BACKGROUND:Recognizing resistance or susceptibility to the current standard cisplatin and paclitaxel treatment could improve therapeutic outcomes of metastatic or recurrent cervical cancer. METHODS:Forty-five tissue samples from patients participating in a phase II trial of cisplatin and ifosfamide, with or without paclitaxel were collected for retrograde analysis. Immunohistochemistry and genotyping was performed to test ERCC1, III β-tubulin, COX-2, CD4, CD8 and ERCC1 (C8092A and N118 N) and MDR1 (C3435T and G2677 T) gene polymorphisms, as possible predictive and prognostic markers. Results were statistically analyzed and correlated with patient characteristics and outcomes. RESULTS:Patients with higher levels of ERCC1 expression had shorter PFS and OS than patients with low ERCC1 expression (mPFS:5.1 vs 10.2 months, p = 0.027; mOS:10.5 vs. 21.4 months, p = 0.006). Patients with TT in the site of ERCC1 N118 N and GT in the site of MDR1 G2677 T polymorphisms had significantly longer PFS (p = 0.006 and p = 0.027 respectively). ERCC1 expression and the ERCC1 N118 N polymorphism remained independent predictors of PFS. Interestingly, high III beta tubulin expression was associated with chemotherapy resistance and fewer responses [5/20 (25%)] compared to lower III β-tubulin expression [15/23 (65.2%)] (p = 0.008). Finally, ΙΙΙ β-tubulin levels and chemotherapy regimen were independent predictors of response to treatment. CONCLUSIONS:ERCC1 expression proved to be a significant prognostic factor for survival in our metastatic or recurrent cervical cancer population treated with cisplatin based chemotherapy. ERCC1 N118 N and MDR1 G2677 T polymorphism also proved of prognostic significance for disease progression, while overexpression of III β-tubulin was positively correlated with chemotherapy resistance.

译文

背景:认识到对当前标准顺铂和紫杉醇治疗的耐药性或易感性可以改善转移性或复发性宫颈癌的治疗效果。

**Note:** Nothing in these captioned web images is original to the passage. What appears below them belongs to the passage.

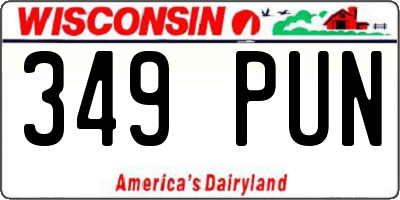 WI license plate 349PUN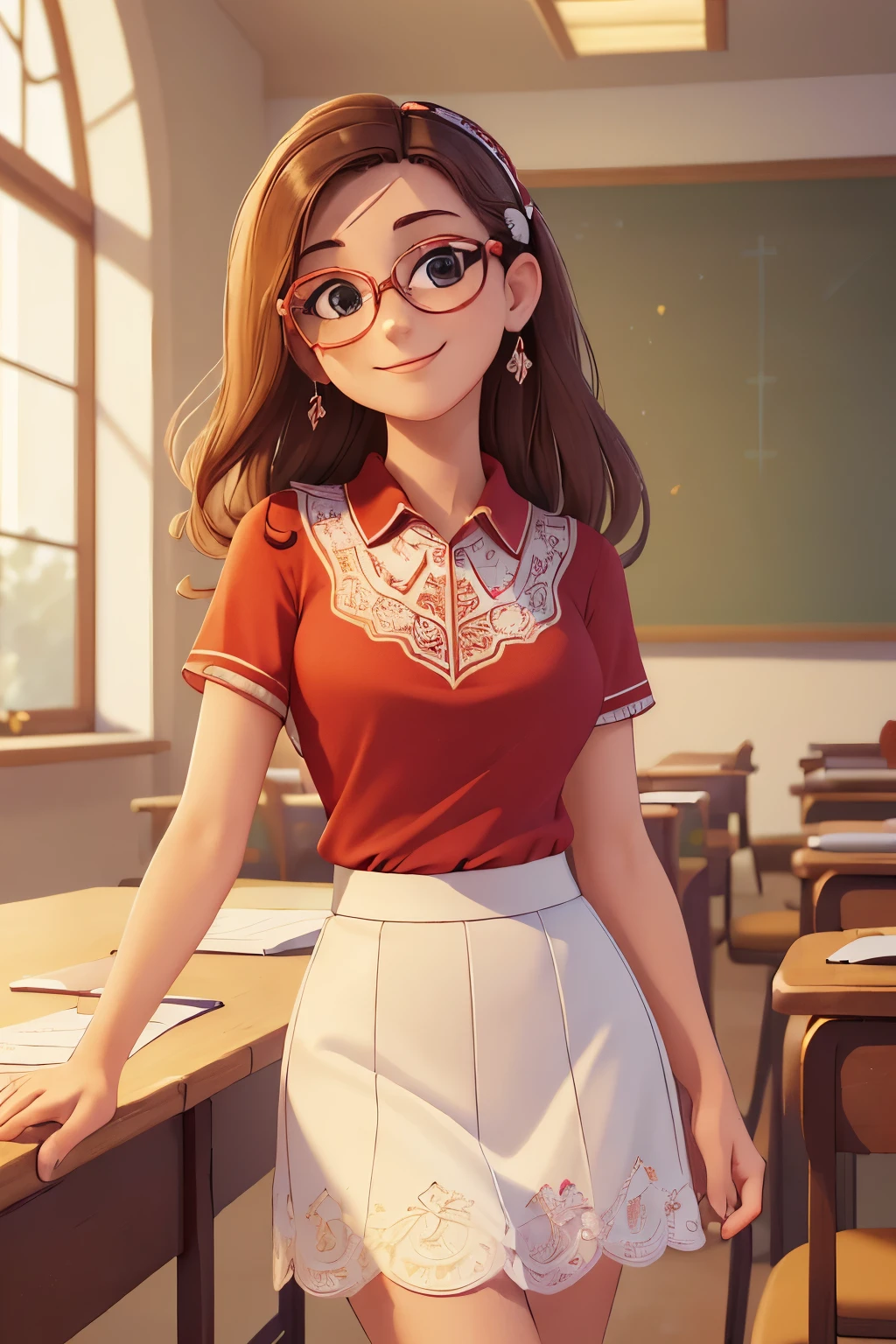 (A :1.3),(Masterpiece, Best quality:1.4), (Beautiful, Aesthetic, Perfect, Delicate, Intricate:1.2),((Best quality)), ((Masterpiece)), (Detailed),(A high resolution:1.2), Classroom, An adult female, Smiling Claudia Chever, Red shirt, White skirt, Glasses, Bend over, angle of view,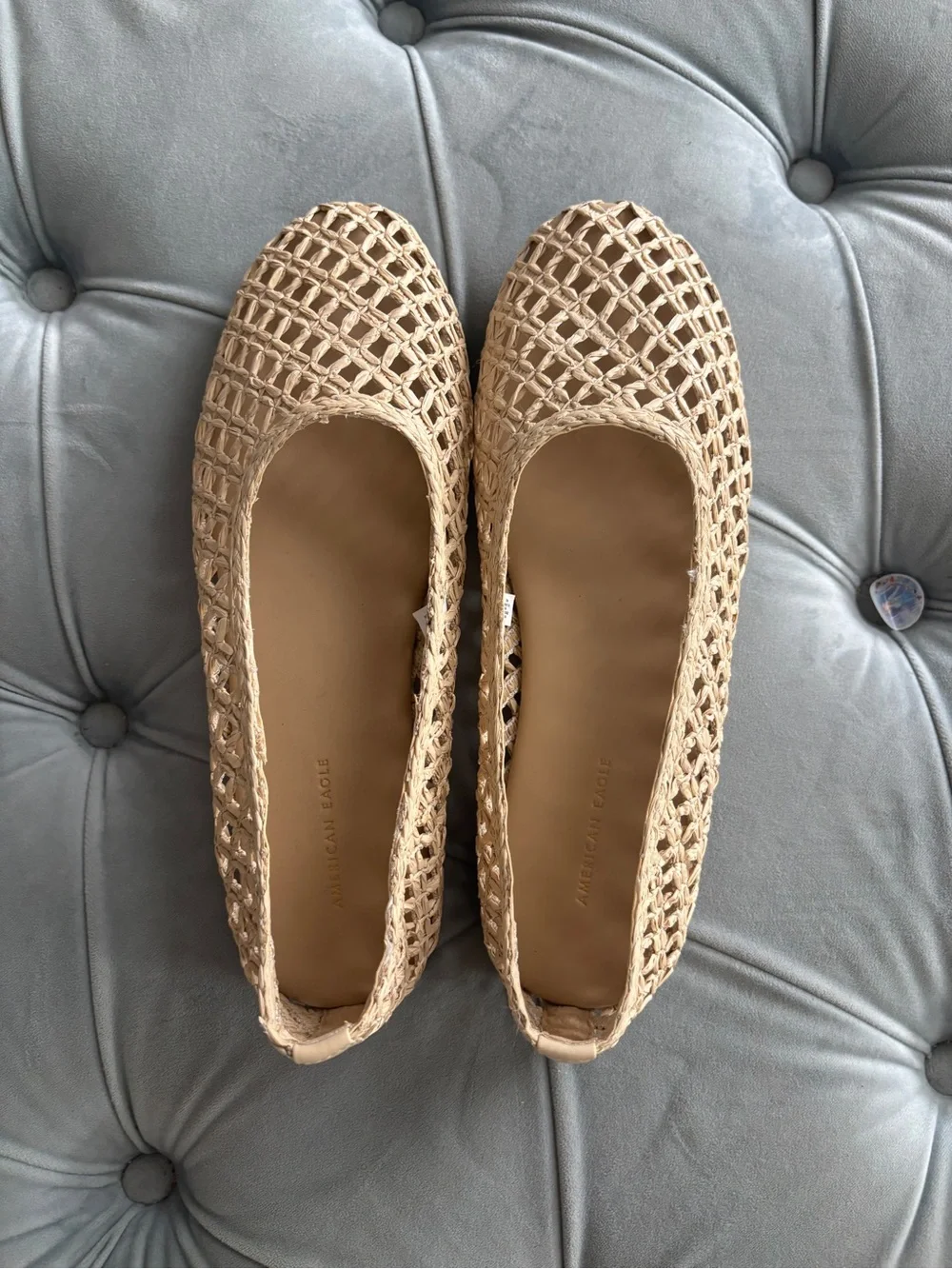 American Eagle Outfitters Tan Woven Ballet Flats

方法:从参与顺铂和异环磷酰胺II期试验(有或没有紫杉醇)的患者中收集45份组织样本进行逆行分析。进行免疫组织化学和基因分型以测试ERCC1,IIIβ-微管蛋白,COX-2,CD4,CD8和ERCC1(C8092A和N118 N)和MDR1(C3435T和G2677T)基因多态性,作为可能的预测和预后标志物。对结果进行统计分析,并与患者特征和结局相关联。
结果:ERCC1表达水平较高的患者的PFS和OS短于ERCC1表达水平较低的患者(mPFS:5.1 vs 10.2个月,p = 0.027; mOS:10.5 vs. 21.4个月,p = 0.006)。 ERCC1 N118 N位点为TT的患者,MDR1 G2677 T位点为GT的患者的PFS明显更长(分别为p = 0.006和p = 0.027)。 ERCC1表达和ERCC1 N118 N多态性仍然是PFS的独立预测因子。有趣的是,与较低的IIIβ-微管蛋白表达[15/23(65.2%)]相比,较高的IIIβ-微管蛋白表达与化疗耐药性相关且反应较少[5/20(25%)](p = 0.008)。最后,IIβ-微管蛋白水平和化疗方案是对治疗反应的独立预测因子。
结论:ERCC1表达被证明是我们基于顺铂化疗的转移性或复发性宫颈癌患者生存的重要预后因素。 ERCC1 N118 N和MDR1 G2677 T多态性也证明对疾病进展具有预后意义,而IIIβ-微管蛋白的过表达与化疗耐药性呈正相关。